I'd guess with 40mm tyres at present, you would probably have 19mm rims (700-19c, though may even be a bit wider), in which case you could go down to about 28mm tyres. Have a look at things like Schwalbe Marathons/Durano, Continental Gatorskins or Bontranger Hardcase to name a few.


----------



## rovers1875 (15 Jul 2013)

My revolution courier pursuit (hybrid) came with 700 x 42 tyres, They were soon swapped for 700 x 35s and when they recently wore out I have just put on 700 x 32s and can't say there has been any problem at all. Just go for what ever you think.


----------



## Biggler (16 Jul 2013)

Wheel






Tyre





I cant see anything that looks like 700-19c could it be the 622x19? Nothing about tyre sizes in the manual either.

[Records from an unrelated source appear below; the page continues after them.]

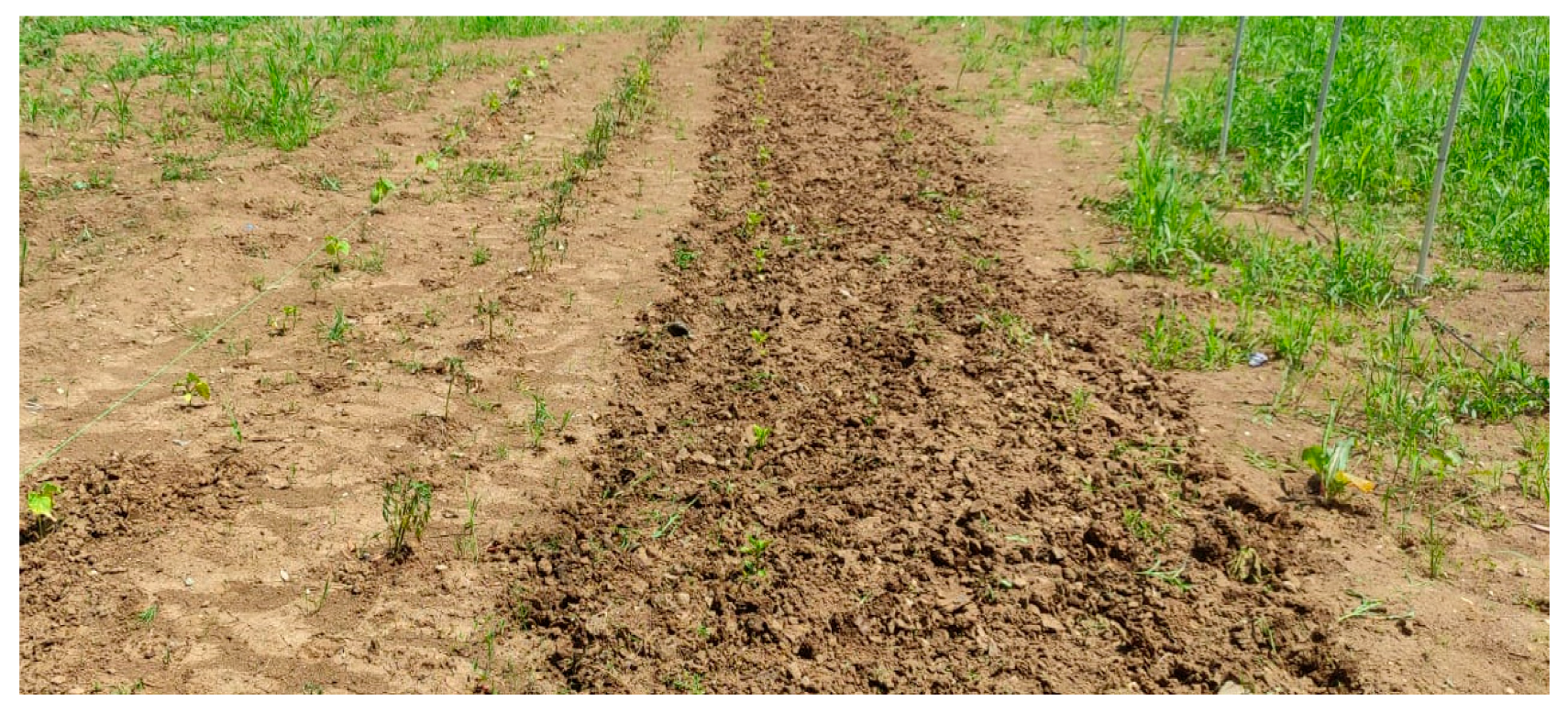 Agriculture 13 00899 g010 Agriculture 13 00899 g010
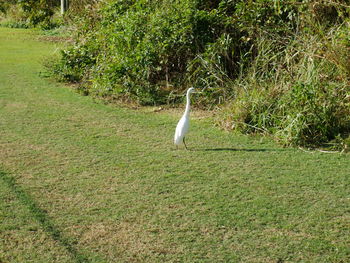 View of a bird on field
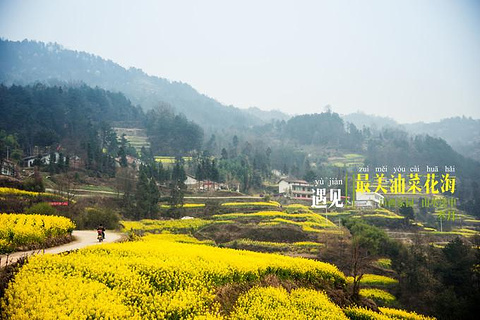 双坪梯田旅游景点攻略图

I was kind of wanting to try the wider road tyres x28's? But I'm kind of weary :P


----------



## vickster (16 Jul 2013)

How about going to your local bike shop, get their advice and then support their business by buying there  You never know, they may even help you fit the tyres


----------



## Rickshaw Phil (16 Jul 2013)

Yes, the 622x19 is the wheel size (700c spec wheels are actually 622mm in diameter), which according to this chart means that you are able to fit a 28mm width tyre on to those rims.


----------



## Rickshaw Phil (16 Jul 2013)

[QUOTE 2550064, member: 259"]It might look a bit strange though? [/quote]No more so than fitting Cityjets on to a mountain bike, which is quite popular.

Oh, I didn't mention - if the OP has a cycle computer fitted, the wheel size will need resetting as it will be overestimating speed and distance with the narrower tyre fitted.


----------



## Cyclist33 (16 Jul 2013)

Biggler said:


> I'll get the manual out or look on the wheels to see if that can shed any light on it. I'm currently in work and fancied window shopping for new tyres, not that I need them... the bike's 2 days old :P


 
The manual will be useless, Giant like almost all the rest just provide a totally generic "bike manual" with their products, which tells you how to avoid death by putting your feet on the pedals and making a roughly circular motion!


----------



## Paulus (16 Jul 2013)

vickster said:


> How about going to your local bike shop, get their advice and then support their business by buying there  You never know, they may even help you fit the tyres


That was the reply i was coming in with, I would try a"proper" bike shop for advice, a LBS. as Vickster suggests, not a chain store operation.


----------



## Biggler (16 Jul 2013)

I would buy my gear from the same guy I bought my bike off (not so local bike shop, but when I popped in he was genuinely nice and helpful), but I don't really want to start asking him about new tyres without the intention of ordering them after his advice. I don't really want to waste his time like that, and I wouldn't blame him if he thought I was going to buy them online if I did do that.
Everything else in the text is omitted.